All eyes in America are fixed on Dover Air Force Base, where 13 U.S. service members are expected to receive a dignified transfer on Sunday. Mourning families of the fallen, as well as the president and first lady, are scheduled to meet them.
This year, former President Donald Trump spoke on the heartbreaking affair that takes place behind the scenes and away from the cameras when the military caskets arrive. He told the gutwrenching story at the North Carolina GOP state convention in June. Watch:
“I’d visit soldiers at Walter Reed Hospital, where the doctors are truly fantastic, what they can do,” he said. “I’d see these young people who were blown to pieces, and it’s, it’s just so sad.”

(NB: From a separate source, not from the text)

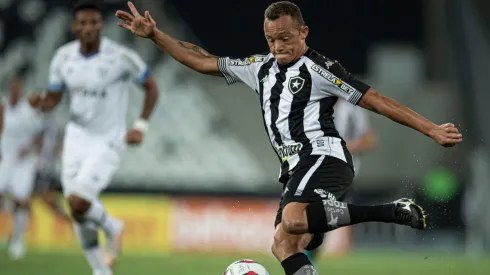 Carlinhos terá que passar por cirurgia após problema no joelho (Foto: Jorge Rodrigues/AGIF)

“I’d be at Dover where these magnificent machines, the big cargo planes, and that door would open up and there’d be a coffin in the back. And the military soldiers would take that coffin and walk it off the plane.”
“And I’d be with the parents, an hour before, and we’d be talking,” he went on, “And I’d say to the general in charge, ‘General, the parents seem to be okay’.”
“And he’d say, ‘no, they’re not, sir, they’re not okay’,” Trump continued. “I’d say, ‘General, I’m having a great conversation,’ and the mothers oftentimes would say, ‘oh, my son was such a great football player, sir, he had an arm that was so powerful, he was so strong, he could throw a ball so far, he was such a good player’ or other things.”
“They’d tell me these stories about… they were just so in love with telling the stories about their son or their daughter,” he said. “In some cases, their daughter. And then, I’d look at the General and say, ‘Well, it’s amazing the way they can handle it’. And then the plane would come in and the general would say, ‘Sir, it’s not going to be good’.”
“And that door would open up, that big back door, right?” he continued. “Would open up from this incredible powerful machine that can lift up Army tanks like it’s nothing. And it would open up. And there would be one or two or three or four coffins. And I’d see the same people who were talking to me, so jubilant about their child, how great the child was, would start screaming. Screaming.”
“Screams like I’ve never heard before,” he said. “It was the most terrible thing to watch.”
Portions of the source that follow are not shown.